林冲临终前做的最后一件事,是让人把七个字带给武松——"白虎堂,非为吾妻"。武松拿着这张纸,沉默了很久。这七个字到底藏着什么?当年白虎堂里究竟发生了什么?
外人看这桩案子,十几年里说来说去都是同一个版本:高衙内看上林娘子,高俅做局,骗林冲带刀入白虎堂,刺配沧州,娘子自缢,风雪山神庙,逼上梁山。因果链干净得像话本。
可林冲在六和寺瘫着的那几个月,杭州的雨一场接一场,他把这事在脑子里反刍了无数遍,才肯承认——这话要是早点想明白,娘子或许不必死,他自己也不必走到瘫在禅房等末日的地步。
白虎堂那道门槛,林冲踏进去之前其实醒过神。原著第七回写他刚迈步就"猛省道:这节堂是商议军机大事处,如何敢无故辄入,不是礼",脚下已经要撤了,偏偏高俅从里面转出来,刀在他手里,承局又"恰好"不见了,百口莫辩。
表层看是陆谦富安那套连环套做得密,底层还有一层更戳人的——林冲自己那句"恩相"叫得太顺了。他是八十万禁军枪棒教头,技术骨干,见高俅从来是躬身唱喏,雷霆雨露皆称君恩。
买到那把宝刀的时候,他心里是真起过"与太尉比试"的念头的,专业上的傲,他没压住。
高俅要拿他开刀,"刺杀本属府主"按宋律能归入十恶里的"不义",这刀下得狠,但也准——就是要让满朝文武看清楚,技术再好,碰了领导的权威,就是这下场。
"非为吾妻"这四个字,是林冲到死才敢替张氏摘的帽子。休书那一段最虐——东京殿帅府旁的酒店里,他写"任从改嫁,并无争执,委是自行甘愿,亦非相逼",写得越端正,越像说给高衙内听的:人我不要了,你别再来害我。他以为这是护妻,其实是把张氏往绝路上推了半步。
两个月后梁山小喽啰回山报信,说娘子被高太尉威逼亲事,自缢半年,张教头也忧死了。
林冲那时候在晁盖手下刚坐稳交椅,听完没说话——这事他欠了一辈子,到六和寺瘫在床上才算彻底认。

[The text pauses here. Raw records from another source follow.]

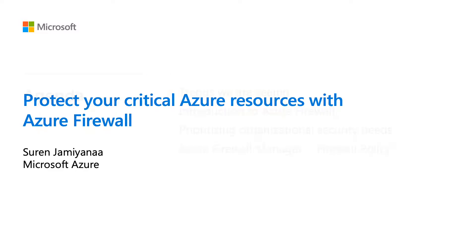My name is Surin, and I'm so excited to share with you today on how you can protect your resources with Azure Firewall. Today I'm going to start with some trends that we're seeing, then introduce you to what Azure Firewall is and how it meets those trends and needs. Next, I'll share about how the service prioritizes your organization's security needs, and then share how you can grow and scale your network security with Azure Firewall Manager and Firewall Policy.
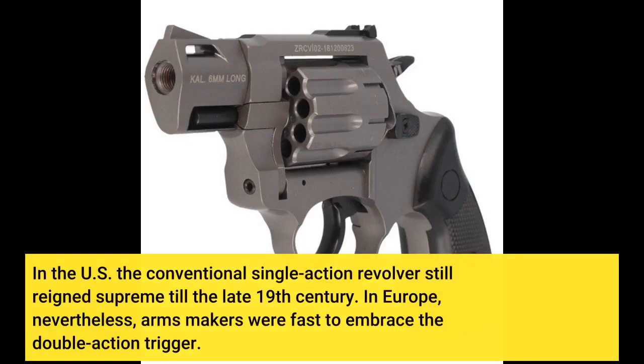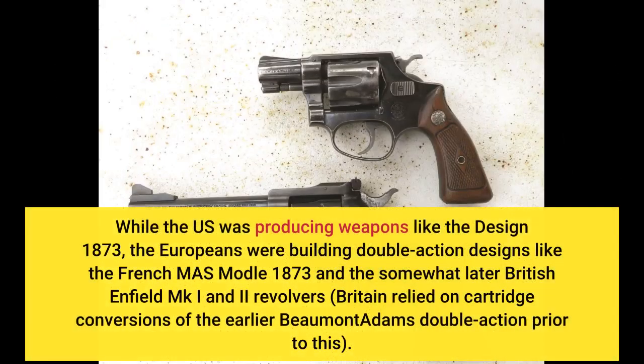In the U.S., the conventional single-action revolver still reigned supreme until the late 19th century. In Europe, however, armsmakers were fast to embrace the double-action trigger. While the U.S. was producing weapons like the Model 1873, the Europeans were building double-action designs like the French Mle Model 1873 and the somewhat later British Enfield MK1 and MK2 revolvers. Britain relied on cartridge conversions of the earlier Beaumont Adams double-action prior to this.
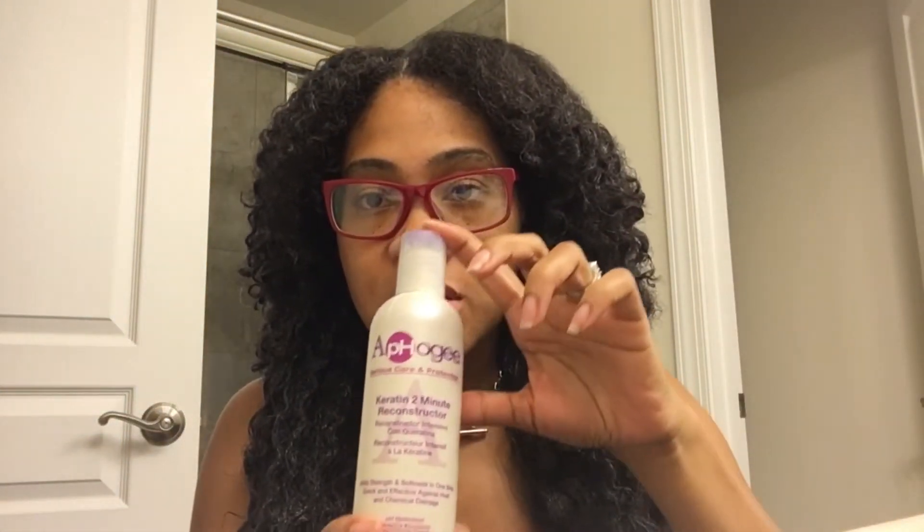Now I get into the shower and completely saturate my hair. I'll keep it in the two sections parted down the middle and detangle in the shower, using my fingers for the most part and allowing the product that's already on it to do the work. Depending on how my hair feels after I do the moisturizing treatment, I may also do the keratin two-minute reconstructor by Afoji, but I have to wait and see how my hair feels after the moisture rinses out.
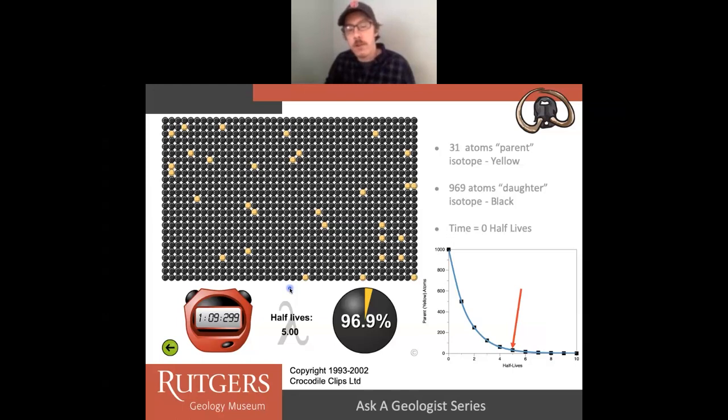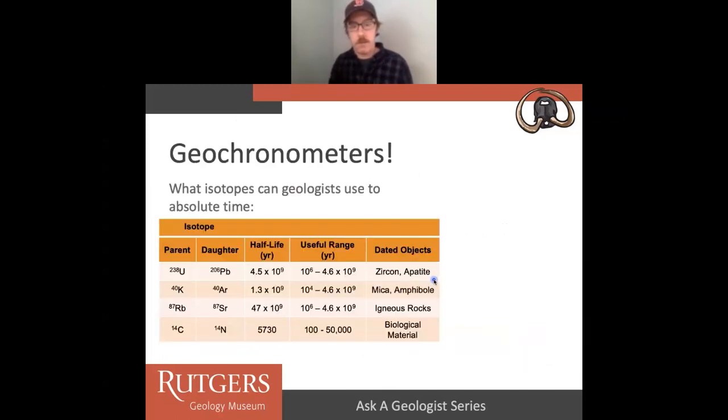Over many half-lives — say half-life 10 — we almost have no remaining parent isotope. For certain geochronologic systems, if you go too many half-lives, there's not enough left of the parent to even measure. This is why something like carbon-14 can't be used over a certain period of time.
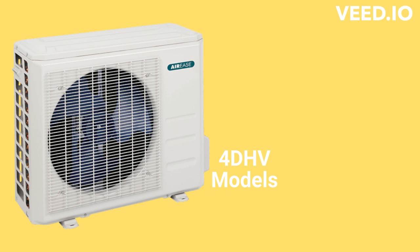The 4DHV models are single-zone heat pumps that are used with high-wall indoor units. They have a cooling efficiency of up to 19 SEER, and both the indoor and outdoor units are very quiet. They have a self-cleaning function for the indoor coil to prevent any odors or mildew, but it requires manual initiation from the remote control.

为什么托给武松?征方腊回来,梁山散的散、死的死,林冲风瘫留在六和寺,武松断了一臂也在那儿出家,最后半年武松是他唯一能说话的人。
全书里也就武松是真正撕过体制的——血溅鸳鸯楼那晚,张都监张团练康节使连带着一堆吏员一锅剁了,连"官"字那层皮他都不要。林冲这辈子没做到的事,武松替他做了。
那七个字递过去,意思其实是:二郎,我当年踏那道门槛,不全是为了护娘子,有一半是我还信着"我是禁军教头、朝廷法度会给我公道"——这蠢念头害了她,也害了我自己。你剁得对。
武松那半天没吭声,末了把纸折了塞进戒衣里,只回了一句:"教头,睡吧。"六和寺的钟刚好敲过黄昏,杭州的雨又下来了。
史料出处:《水浒传》百回本第七回"花和尚倒拔垂杨柳 豹子头误入白虎堂"、第二十回"梁山泊义士尊晁盖"、征方腊后六和寺情节;《宋刑统·贼盗律》"谋杀本属府主"条、《宋刑统·卫禁律》"阑入宫门"条参校林冲案量刑。